Allez les Bleus! Rugby is the winner. No, really.

France 19 England 12 – the French save the sport of rugby from extinction. Too much? I don’t think so. Martin Johnson’s team has been trying to prove that rugby games can be won in the gym. More muscle, more directness, eliminating mistakes. If he’d been right, and until this defeat nobody could be quite sure he wasn’t, then rugby as a game would have been thought out, thought through.

This may not be overstating the case. Billiards, as an example, was an engaging and competitive sport until training and application discovered its limits. When the Australian Walter Lindrum made a break of 4137 points in the World Billiards Championship in 1932, the game was up. Billiards had been an entertaining contest between happy-go-lucky amateurs. As a professional sport, when the players wanted to win at all costs, it was exposed as a pastime of limited skills and permutations.

The Johnson team wanted to demonstrate that winning was possible without basic catching and passing skills, without either intelligence or wit. They were attempting to defy the joy and spectacle of rugby, the hope for sporting astonishment. They failed. The ploy of standing props at first receiver, of leaving the hooker out on the wing comes from the same thought process that led to three second rows on the pitch at the same time. And perhaps four, counting Banahan in the centre. Johnson wanted to win the game with models of himself, in the way he knows best. Not enough. The game itself has bested him.

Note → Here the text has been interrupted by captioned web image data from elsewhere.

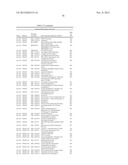 OLIGOMERIC COMPOUNDS AND COMPOSITIONS FOR USE IN MODULATION OF SMALL     NON-CODING RNAS diagram and image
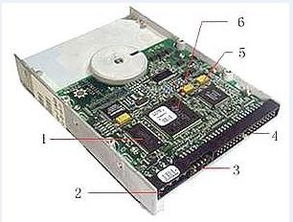 电脑机箱内部硬件图解与维护指南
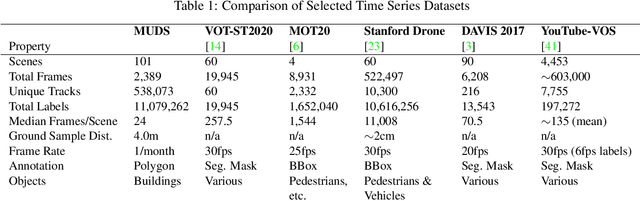 Figure 2 for The Multi-Temporal Urban Development SpaceNet Dataset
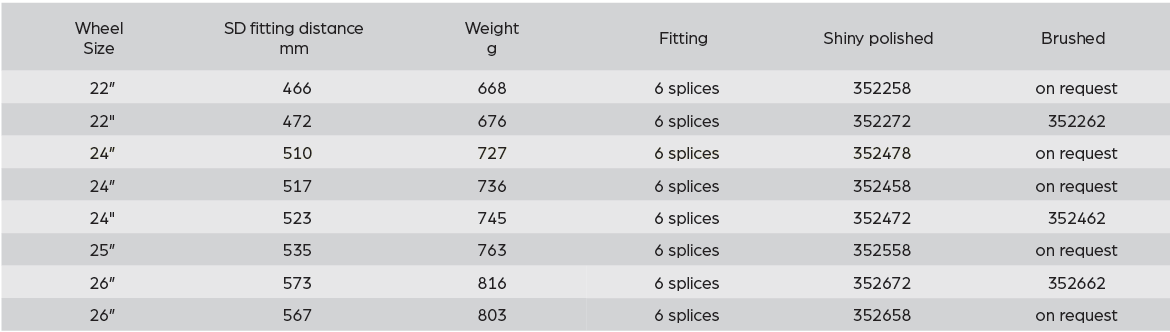 Options and item numbers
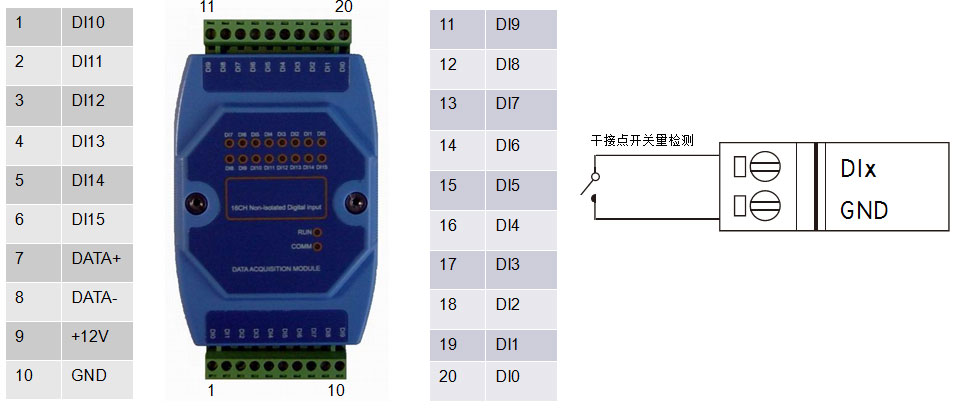16路开关量采集?？镺M-ACC-A104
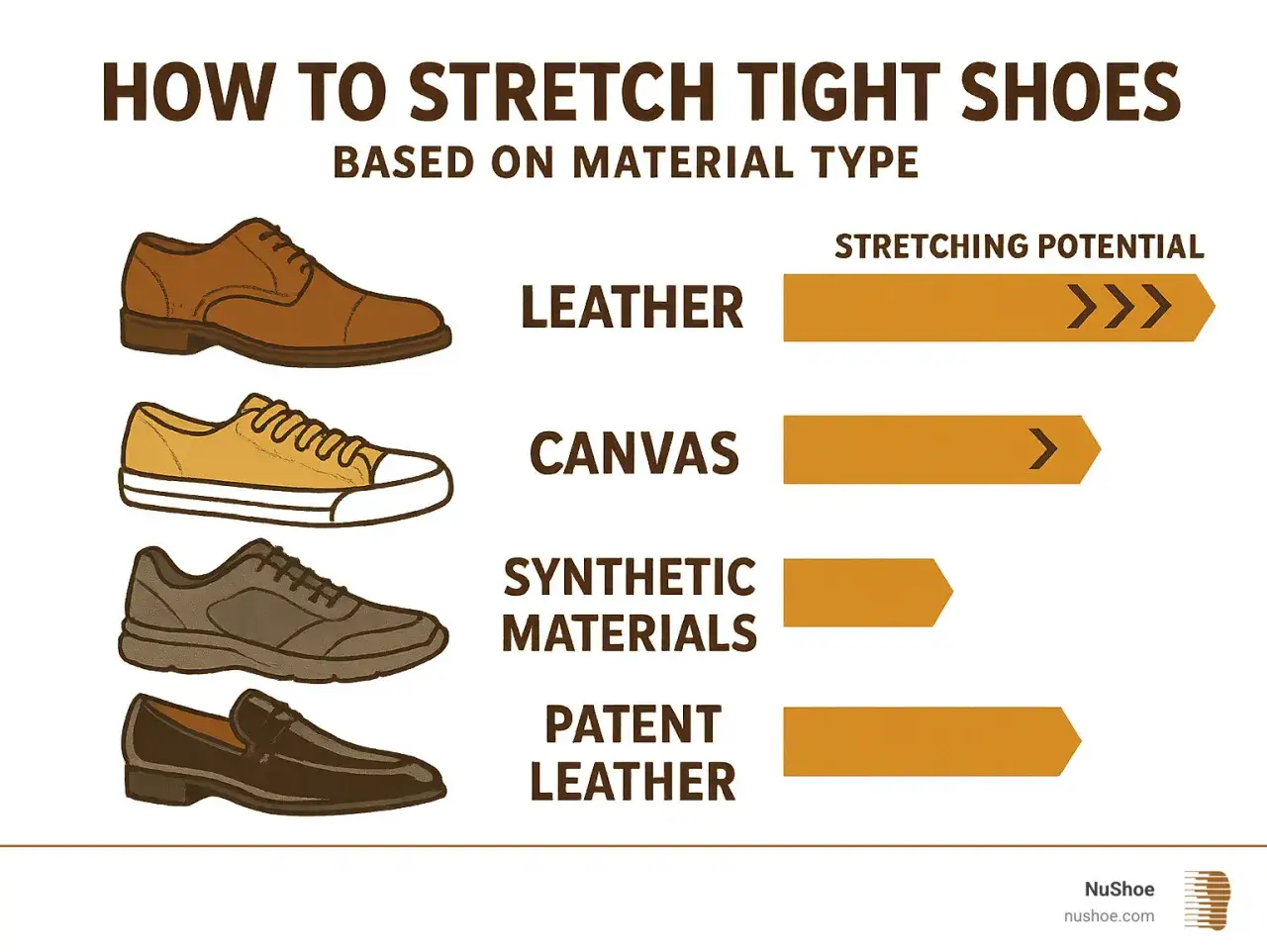 Guide pour la **mise en forme chaussures** : le cuir se détend le mieux, suivi du synthétique, puis du toile et du cuir verni.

Unpredictability will still win big rugby games, spontaneity and evasion. If they didn’t, there wouldn’t be a game worth watching, and the sport has proved itself bigger than England’s limited ambition. All true believers must have hoped it would be so. I had such faith in rugby that Paddy Power had my money as a down-payment on the past and future belief that rugby union is a varied and intricate code of football.

Now I’m off to spend the winnings. On English beer, of course.